В начале XX века образованная молодежь начала насмехаться над этими суевериями, но они слишком глубоко укоренились, чтобы исчезнуть моментально, к тому же они не вредили боевым качествам казаков, не уменьшали их воинской доблести и прилежности к службе.
Попы крестили казацких детей, выбирая имя по своему усмотрению, согласно греко-православному календарю. Отсюда распространение имен, не имевших ничего общего с русскими святыми – покровителями войска или с царями… Порой казак объяснял, показывая на сына: «Мы его зовем Саней, но настоящее его имя Хрисанф (по-гречески: золотой цветок). Мы хотели назвать его Александром… Мы очень любим это имя. Сколько царей его носило!.. И наш герой Суворов! Его тоже звали Александром… А благоверный князь Александр Невский!.. Но попробуй поспорь с попом… И вот он Хрисанф…»
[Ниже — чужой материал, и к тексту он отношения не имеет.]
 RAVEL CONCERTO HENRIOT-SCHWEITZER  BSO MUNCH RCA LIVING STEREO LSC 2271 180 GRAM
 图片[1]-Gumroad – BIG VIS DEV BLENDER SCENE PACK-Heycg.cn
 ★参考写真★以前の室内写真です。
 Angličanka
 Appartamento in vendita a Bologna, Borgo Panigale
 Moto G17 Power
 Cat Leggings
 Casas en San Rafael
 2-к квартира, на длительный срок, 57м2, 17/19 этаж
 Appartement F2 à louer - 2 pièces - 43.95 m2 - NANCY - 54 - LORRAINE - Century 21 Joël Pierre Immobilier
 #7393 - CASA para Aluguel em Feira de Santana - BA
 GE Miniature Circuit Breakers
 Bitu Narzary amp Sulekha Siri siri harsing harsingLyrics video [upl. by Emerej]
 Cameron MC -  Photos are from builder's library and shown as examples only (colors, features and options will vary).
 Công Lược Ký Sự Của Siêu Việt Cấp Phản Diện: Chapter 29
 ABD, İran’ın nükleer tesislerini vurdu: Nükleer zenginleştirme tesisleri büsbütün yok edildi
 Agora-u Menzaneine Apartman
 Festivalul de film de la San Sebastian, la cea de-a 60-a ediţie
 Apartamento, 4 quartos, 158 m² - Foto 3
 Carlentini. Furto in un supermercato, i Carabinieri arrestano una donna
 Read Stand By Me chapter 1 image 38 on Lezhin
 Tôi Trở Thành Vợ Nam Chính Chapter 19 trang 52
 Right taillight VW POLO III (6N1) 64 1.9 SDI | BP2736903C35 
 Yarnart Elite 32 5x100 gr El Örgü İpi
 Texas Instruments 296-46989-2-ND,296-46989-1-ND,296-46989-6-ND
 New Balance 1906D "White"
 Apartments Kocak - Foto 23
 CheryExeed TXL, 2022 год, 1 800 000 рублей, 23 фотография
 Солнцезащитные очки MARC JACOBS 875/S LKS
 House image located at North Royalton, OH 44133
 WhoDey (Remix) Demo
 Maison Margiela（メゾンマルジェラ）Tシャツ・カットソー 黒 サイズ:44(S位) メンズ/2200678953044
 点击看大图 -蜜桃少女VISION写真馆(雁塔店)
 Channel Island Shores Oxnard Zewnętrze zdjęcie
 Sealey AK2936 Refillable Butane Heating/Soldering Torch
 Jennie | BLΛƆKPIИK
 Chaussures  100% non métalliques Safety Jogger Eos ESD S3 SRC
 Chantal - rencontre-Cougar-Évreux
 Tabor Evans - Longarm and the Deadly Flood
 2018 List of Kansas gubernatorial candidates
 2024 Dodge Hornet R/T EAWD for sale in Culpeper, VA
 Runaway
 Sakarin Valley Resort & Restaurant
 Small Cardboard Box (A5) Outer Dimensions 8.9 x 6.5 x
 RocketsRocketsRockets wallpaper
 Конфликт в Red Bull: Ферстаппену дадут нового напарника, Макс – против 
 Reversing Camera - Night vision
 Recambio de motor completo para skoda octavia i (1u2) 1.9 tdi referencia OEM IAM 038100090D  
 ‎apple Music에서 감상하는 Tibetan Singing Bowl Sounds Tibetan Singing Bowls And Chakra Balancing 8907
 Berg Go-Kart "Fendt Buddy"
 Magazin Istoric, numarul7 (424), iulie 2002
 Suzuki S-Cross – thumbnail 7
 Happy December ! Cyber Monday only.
Избирались только атаманы станиц и городков. И только всеми уважаемый казак с безупречной репутацией мог быть избран и удостоен чести получить эмблему атаманской власти, насеку, а также станичную или поселковую печать. Попов, лучший историк забайкальского казачества, описывая собрание казаков, выводит на сцену станичного атамана: «С места поднялся атаман. Статный казак высокого роста, широкий умный лоб, из-под темных бровей светлые глаза окидывали присутствующих взглядом. Тотчас воцарилась тишина… Погасили сигареты, придавили пальцем табак в трубках, и все казаки встали. Остались сидеть только убеленные сединами. Сотни глаз уставились на атамана…»
У забайкальского казака были зоркий глаз и тонкий слух – необходимые для охотника качества. Охотясь, он на много недель уходил в тайгу и брал незначительную часть ее богатой фауны для себя и своей семьи. Из леса он также брал древесину, служившую ему материалом для постройки изб и других зданий, саней, телег, повозок. Он сам обрабатывал кожу, шедшую на изготовление обуви и конской сбруи, женщины плели шерсть. Земля давала казаку все необходимое для жизни, он практически ничего не покупал.
Зимой, после окончания полевых работ, из-за сурового климата он был вынужден сидеть дома. Тогда он проводил многие часы за столом с приятелями, пришедшими составить ему компанию: они вместе пели старые казачьи песни, плясали, разумеется, казачьи пляски. Он был очень гостеприимен, и в этом богатом краю его гостеприимство обычно было широким и щедрым. Его стол всегда был обильным, и за разговорами забайкальский казак неспешно ел с гостями соленое и вяленое мясо, копченую или сушеную рыбу, грибы, молочные продукты…
Чаевание – любимое занятие всех русских, но для забайкальских казаков оно стало почти ритуальным действием. Они посвящали ему много времени, даже на войне, по воспоминаниям полковника Квитки, рассказывающего об этом с явным неудовольствием: «В 3 часа утра я разбудил казаков. Потягиваясь да позевывая, они стали выводить лошадей на водопой, потом подвесили торбы с зерном, и началось продолжительное чаевание, точно совершалось какое-то священнодействие… <…> я проснулся и разбудил казаков; опять они копались и чаевали бесконечно. <…> Против этой неповоротливости и неспособности забайкальцев к расторопной работе ничего не поделаешь; их чаевание, когда время дорого, может извести самого хладнокровного человека».
Казак любил тайгу, охоту, но также он любил и землю. Он с детства приучался к работе на ней. Для того чтобы засеять поле, надо было вырубить лес, выкорчевать корни, распахать… Как и во всех своих делах, он никогда не начинал работу без того, чтобы вместе с семьей долго и страстно помолиться Богу о даровании хорошего урожая.
Пока казаки напряженно трудились, старики оставались дома, но не бездельничали. Они мастерили носилки, лыжи, сани, грабли, вилы. Обдирали кору с деревьев, из которой изготавливали различные вещи для дома. Варили деготь и смолу. Вместе с женщинами забивали овец. Женщины вялили мясо, сушили сухари, а дети пытались делать метлы и щетки.
Ранее забайкальцы были не слишком расположены к учению: их предки прекрасно жили в невежестве. Но не всегда приятно зависеть от станичного книжника, а главное, самолюбие казака страдало от того, что он не мог сам расписаться и бывал вынужден звать грамотея, чтобы тот сделал это за него… Поэтому в станицах стали постепенно появляться школы, иногда до ближайшей приходилось добираться несколько верст, но казаки быстро оценили преимущества образования: все возвращавшиеся к себе в станицы после действительной службы умели читать и писать. Потом школы построили чуть ли не в каждом городке, каждой станице. После трех лет учебы в станице те, кто мог, а главное, хотел продолжать учебу, посещали учебные заведения более высокой ступени.